Repeating: Recovered post, lost in our recent outage.
Originally posted February 19, 2025
We mourn the loss of Marian Turski, a Holocaust survivor who became a prominent historian, journalist and tireless fighter for human rights and social justice, who died in Warsaw on February 18, aged 98.
Turski was closely involved in the establishment of the POLIN Museum of the History of Polish Jews. He served as chair of the Association of the Jewish Historical Institute in Poland, and, as a survivor of the Łódź Ghetto and of the Nazi camps of Auschwitz, Buchenwald, and Terezin, he for many years held the position of chair or deputy chair of the International Auschwitz Committee and International Auschwitz Council.
Over the past few decades, he became a moral authority in Poland. In a speech five years ago marking 75 years since the liberation of Auschwitz, he urged people to observe an 11th commandment –“Do not be indifferent.”
“Do not be indifferent when any authority violates accepted and existing social contracts. Be faithful to the… Eleventh Commandment: Do not be indifferent. Because if you are, you will not even notice when you or your descendants suddenly see another Auschwitz fall from the sky.”

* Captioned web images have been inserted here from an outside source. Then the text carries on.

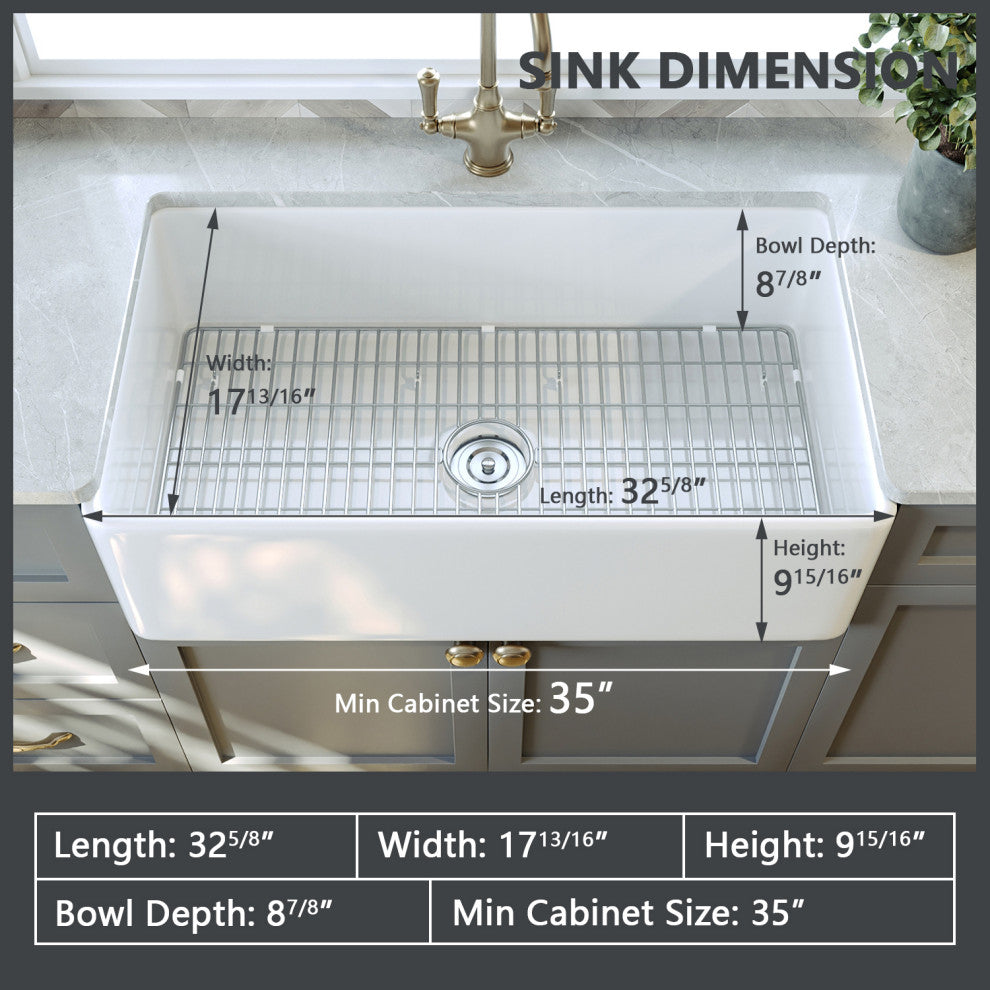 Grove 33"L x 18"W Farmhouse Sink Fireclay White Kitchen Sink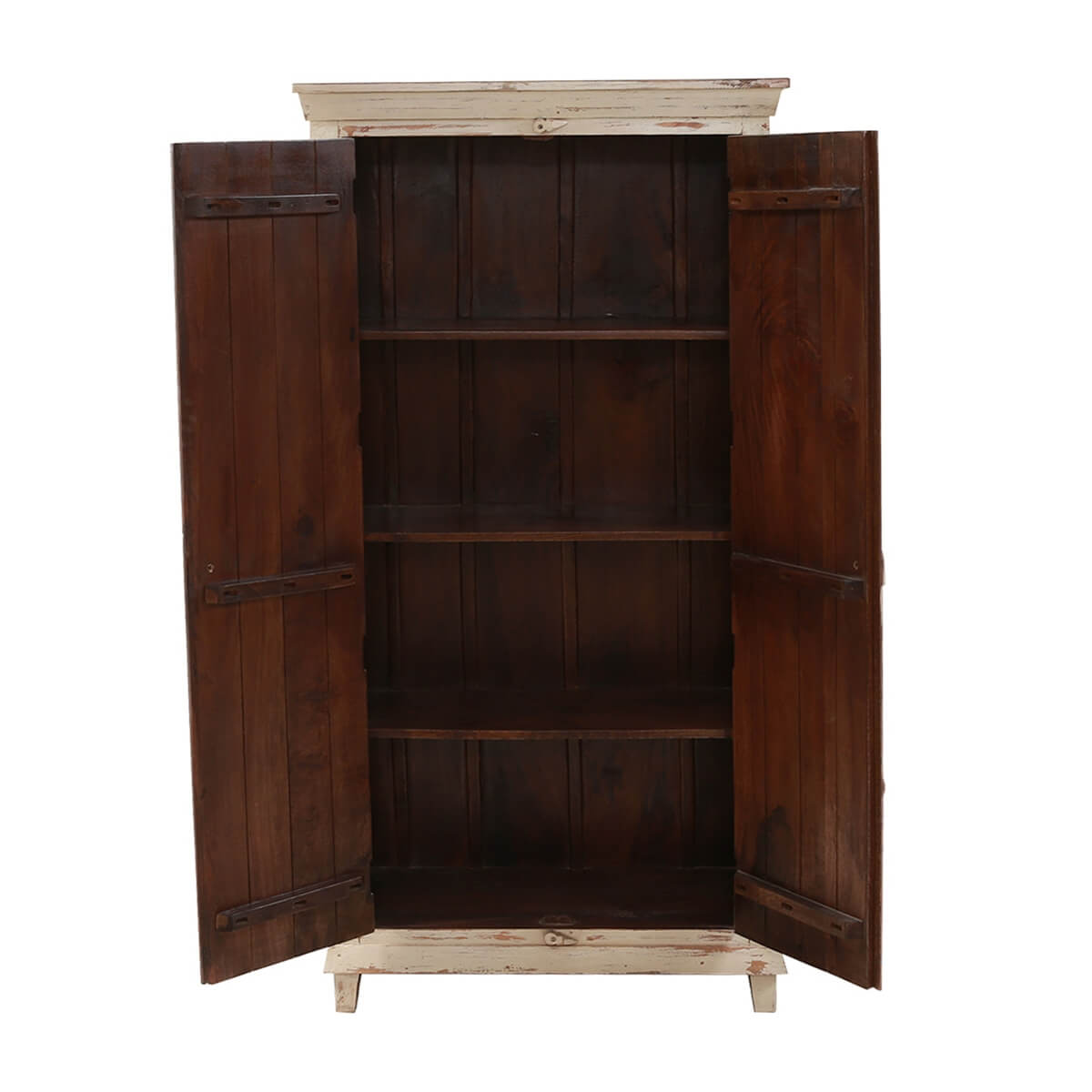 Mimosa Distressed White Hand - carved Solid Wood Vintage Armoire - HF Commercial Furniture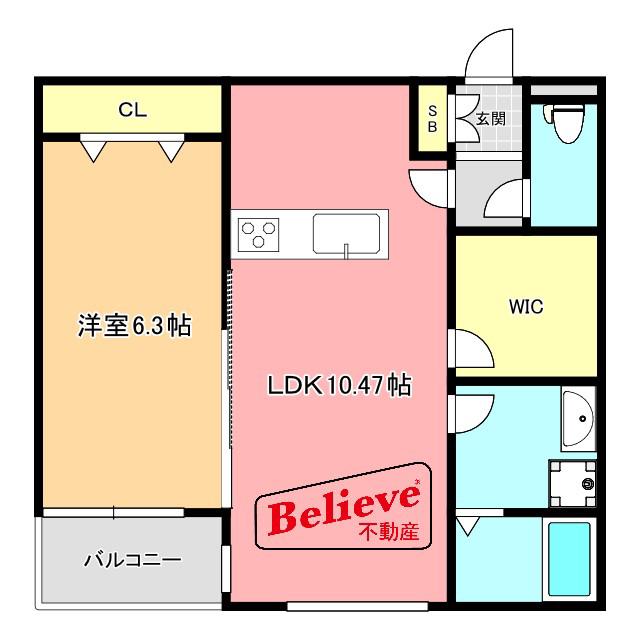 L-BROOM御井(1LDK/1階)の間取り写真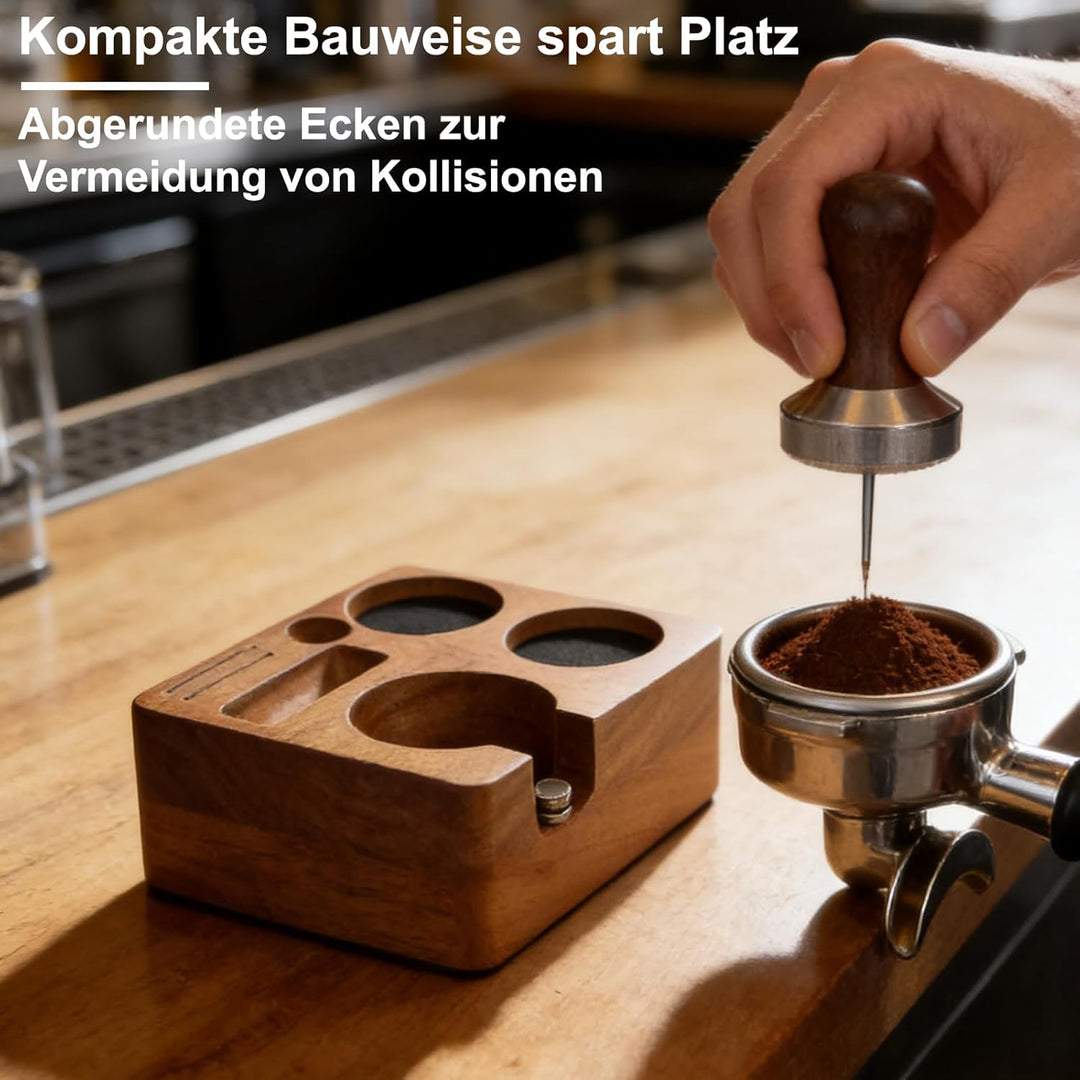 FARYODI Espresso-Tamperstation, Espresso Kaffee Tamping Station Walnuss Holz, Espresso Tamper Statio
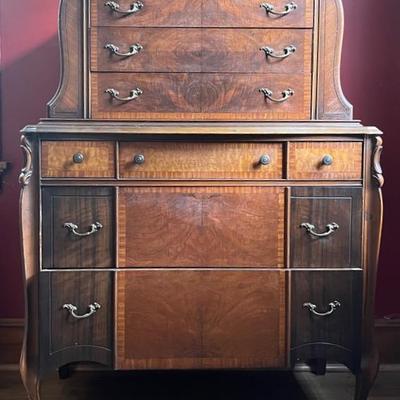 French Provincial Walnut Burl Highboy Dresser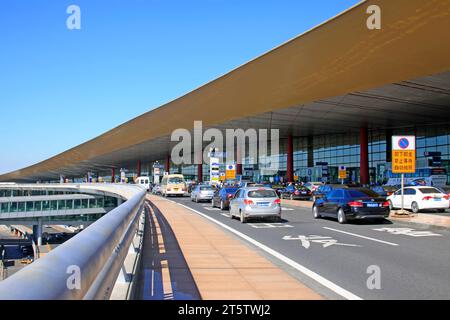 Aéroport international de Beijing Capital T3 terminal Road, Chine Banque D'Images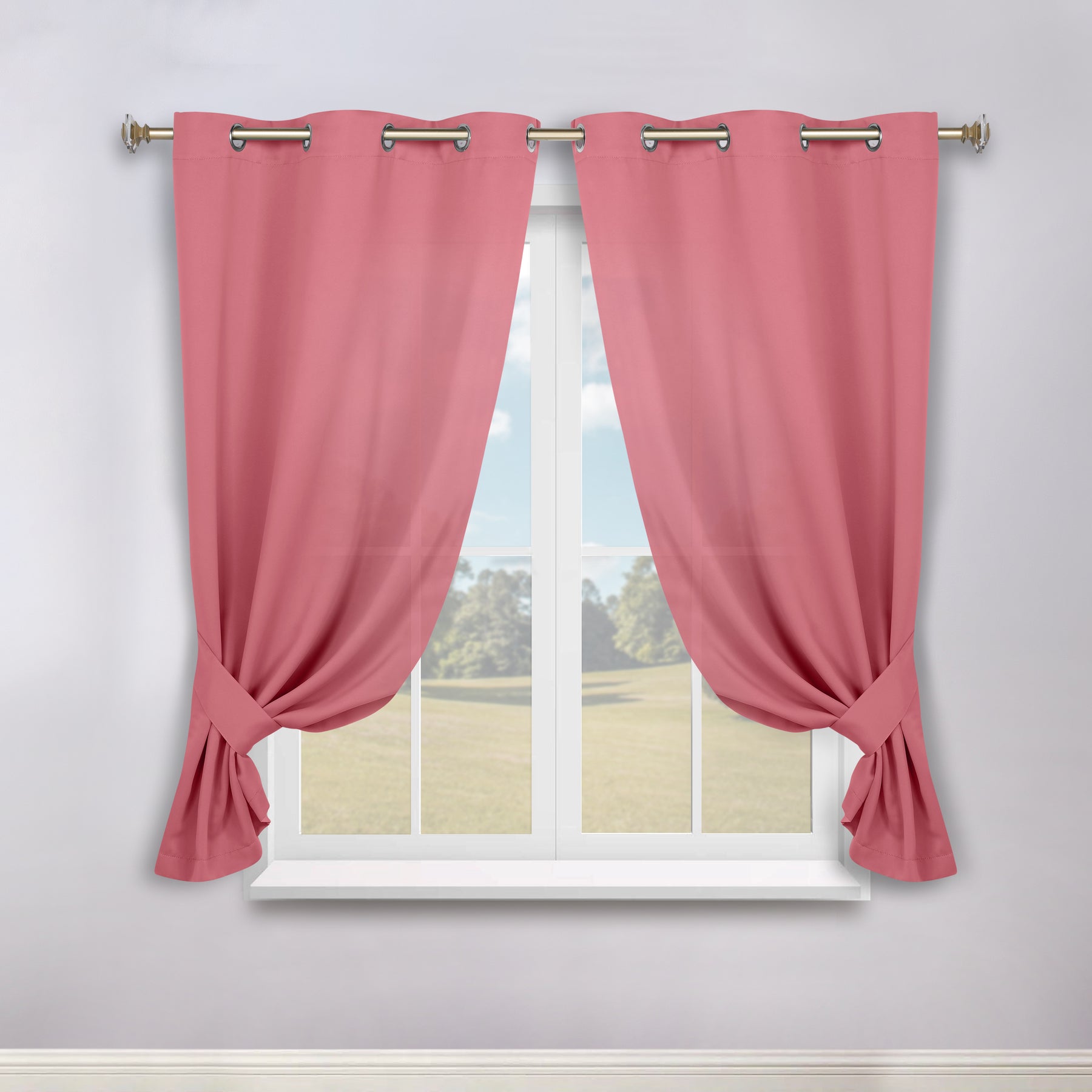 Classic Modern Solid Room Darkening Blackout Curtain Panels, Set of 2 - Pink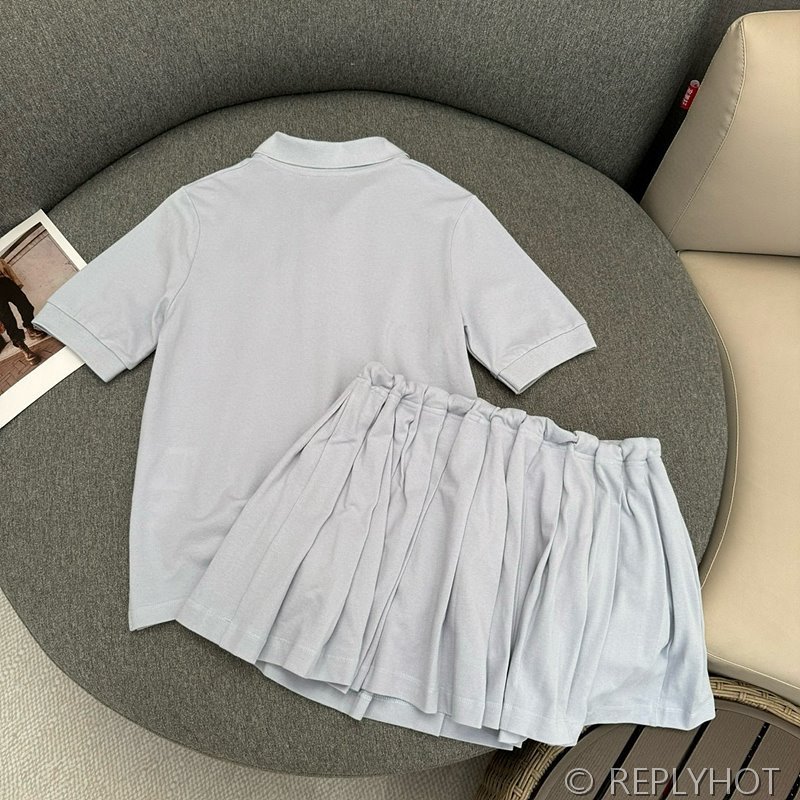 프라다 플리츠 피케 폴로 셔츠 스커트 [매장가 250만원대]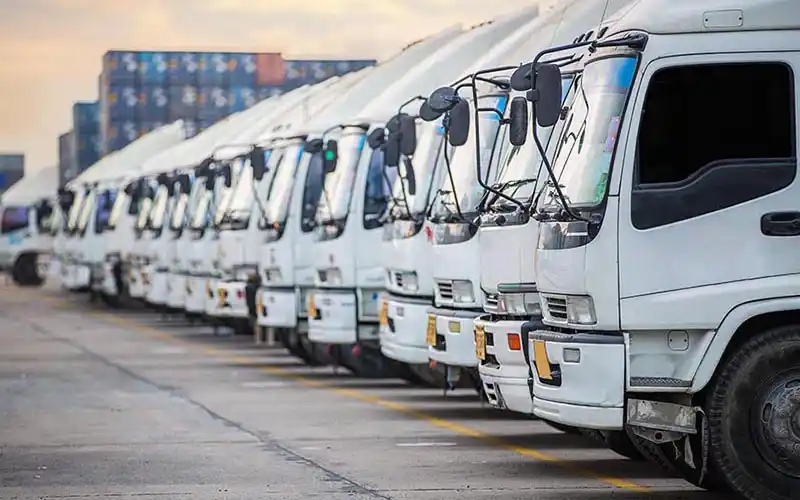 A line of trucks.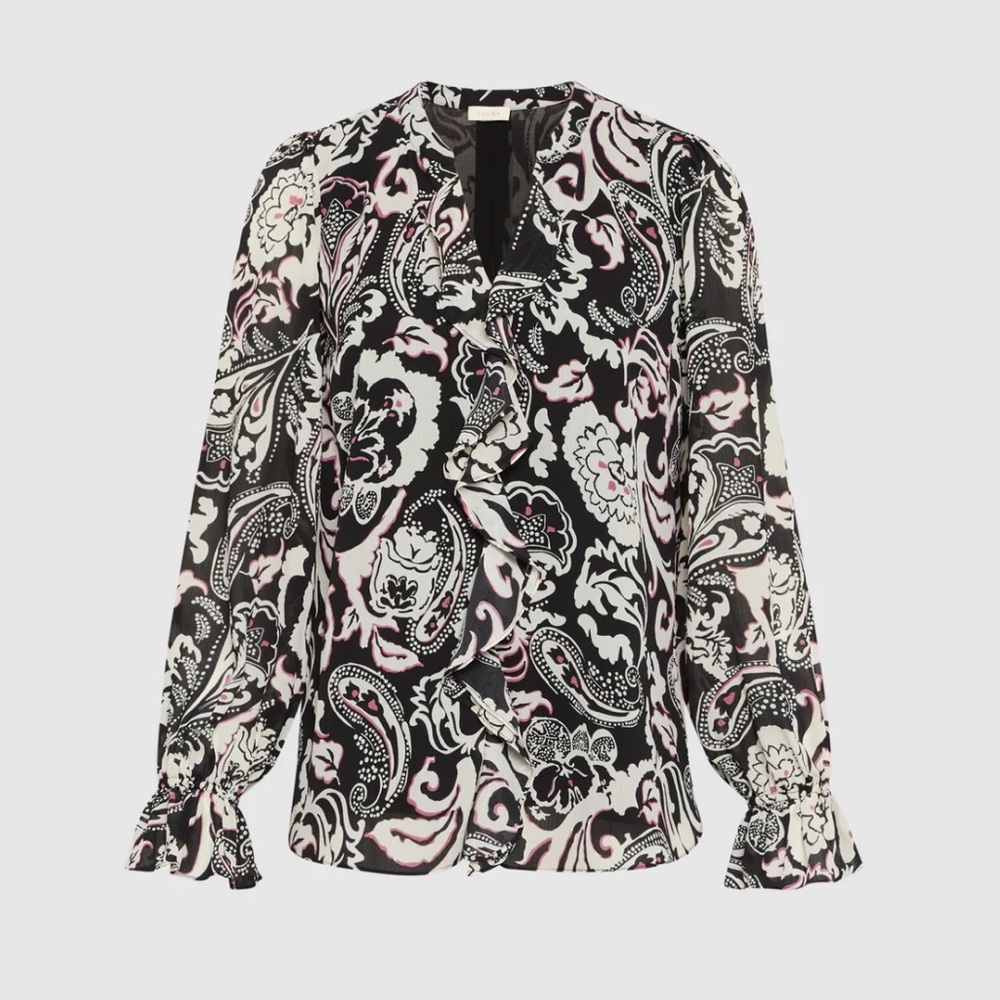 Laura Paisley Print Ruffle Front Blouse Black White Pattern - Picture 2 of 13
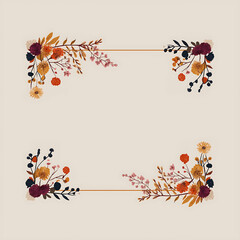 Floral Frame Illustration with Rustic Autumn Colors and Botanical Design - Perfect for Wedding Invites and Home Decor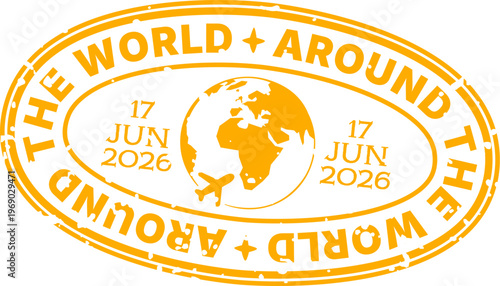 Passport Stamp Around World Travel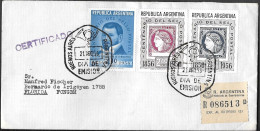 Argentina FDC Cover 1956 Mailed. 100th Anniv Of Postal Stamps - Covers & Documents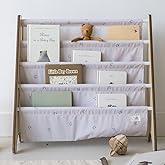 3 Sprouts Recycled Fabric Kids Bookshelf – 4-Tier Sling Book Rack Organizer - Nursery Room Playroom Classroom Wooden Book Shelves - Kid Bookcase Wood Storage Shelf for Toddler Age 3+ - Blueberry Taupe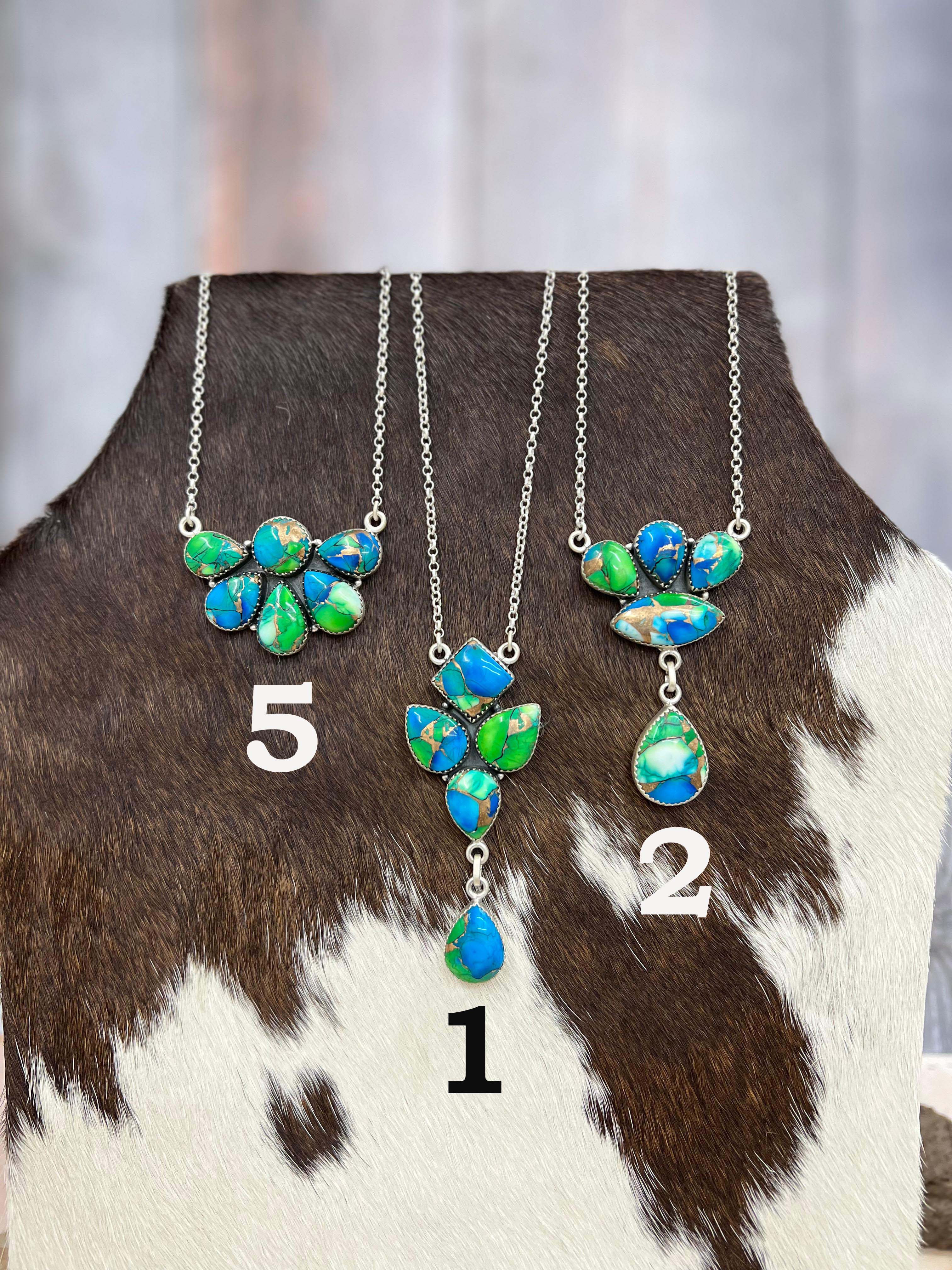 Handmade Sterling Silver Peacock Dahlia Necklace with Signed Nizhoni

Born Moshe Turbowicz, Marian became a leftist anti-Nazi activist in the Łódź Ghetto, where he and his family were interned when he was 14. His father and brother were killed in Auschwitz, where he also was deported, and in 1945 he survived two death marches, from Auschwitz to Buchenwald, and then from Buchenwald to Terezin.
After liberation by the Red Army, he became a committed communist and changed his name to the “non-Jewish-sounding” Marian Turski at the will of the party. He became a noted journalist, helping found the weekly Polityka, and chose to remain in Poland after the state’s antisemitic campaign in 1968 forced 15,000 or more Jews to leave the country.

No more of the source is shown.